**SUPPLIED MATERIAL**
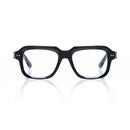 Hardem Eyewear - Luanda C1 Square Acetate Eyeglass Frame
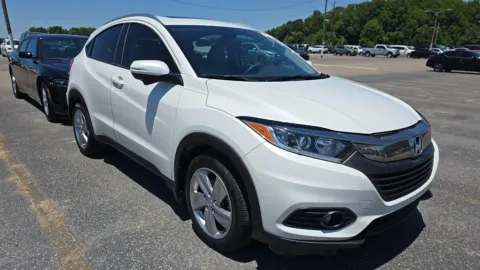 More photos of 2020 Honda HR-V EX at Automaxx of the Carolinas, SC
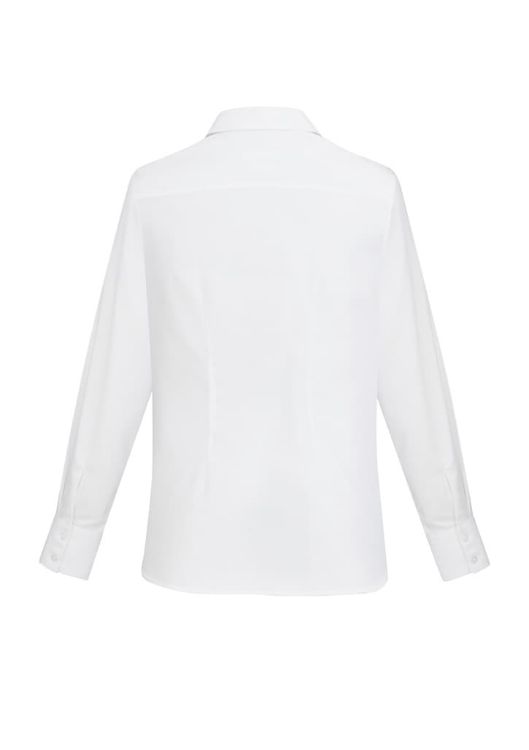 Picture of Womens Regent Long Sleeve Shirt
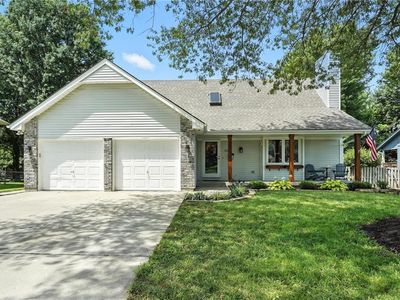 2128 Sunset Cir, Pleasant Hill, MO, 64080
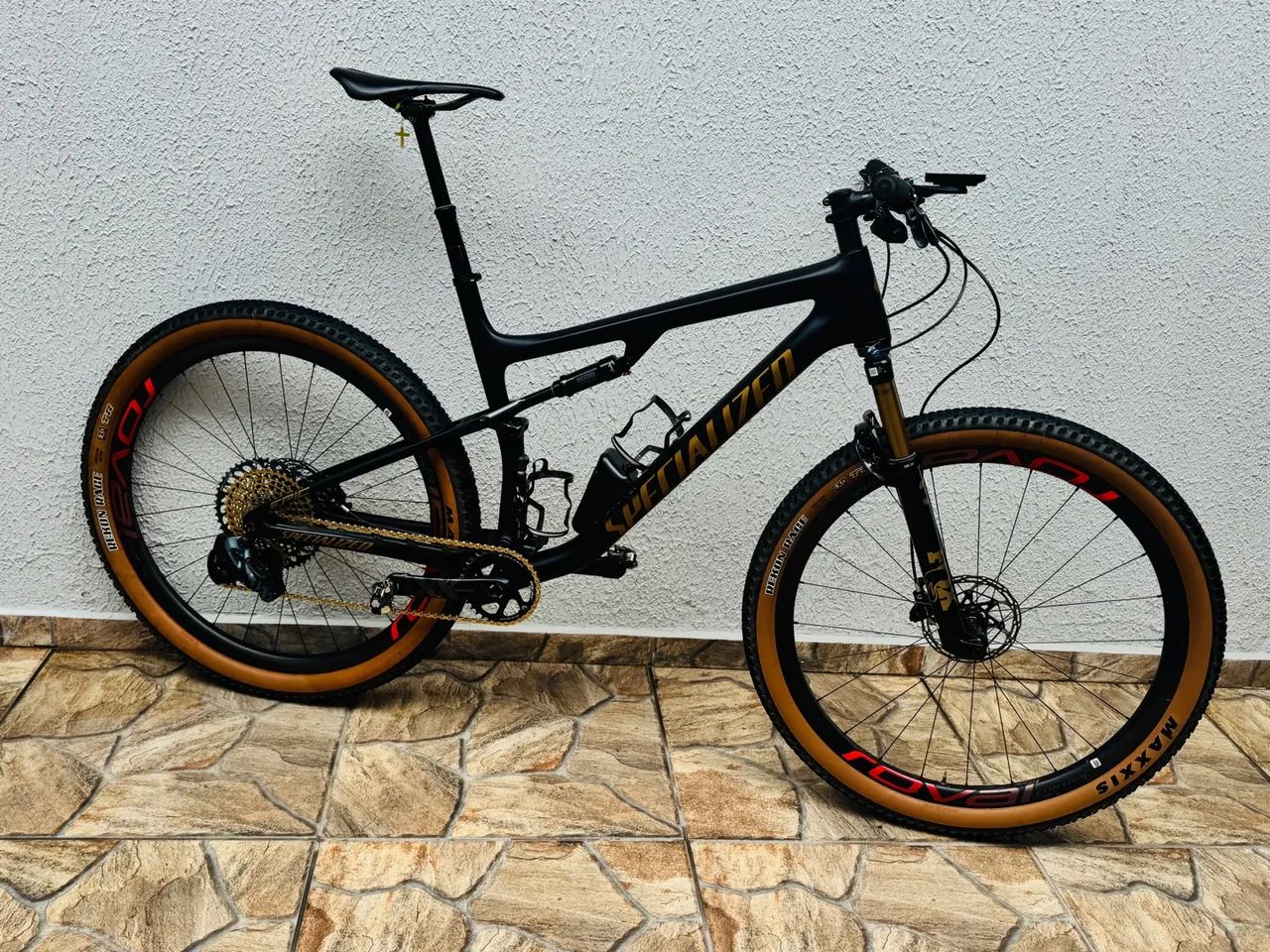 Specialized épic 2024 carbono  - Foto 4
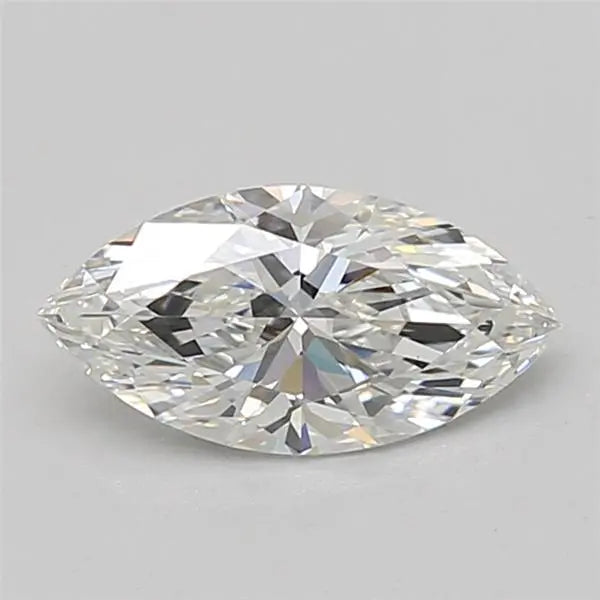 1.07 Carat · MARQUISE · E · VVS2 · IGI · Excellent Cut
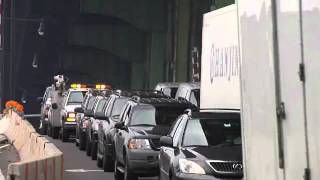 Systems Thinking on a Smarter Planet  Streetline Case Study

**YOUR ASSIGNMENT**
Would you return the entries verbatim, minus any images?

**REPLY**
 Hardem Eyewear - Luanda C1 Square Acetate Eyeglass Frame
 More photos of 2020 Honda HR-V EX at Automaxx of the Carolinas, SC
 Picture of Womens Regent Long Sleeve Shirt
 2128 Sunset Cir, Pleasant Hill, MO, 64080
 Specialized épic 2024 carbono  - Foto 4
 1.07 Carat · MARQUISE · E · VVS2 · IGI · Excellent Cut
 Systems Thinking on a Smarter Planet  Streetline Case Study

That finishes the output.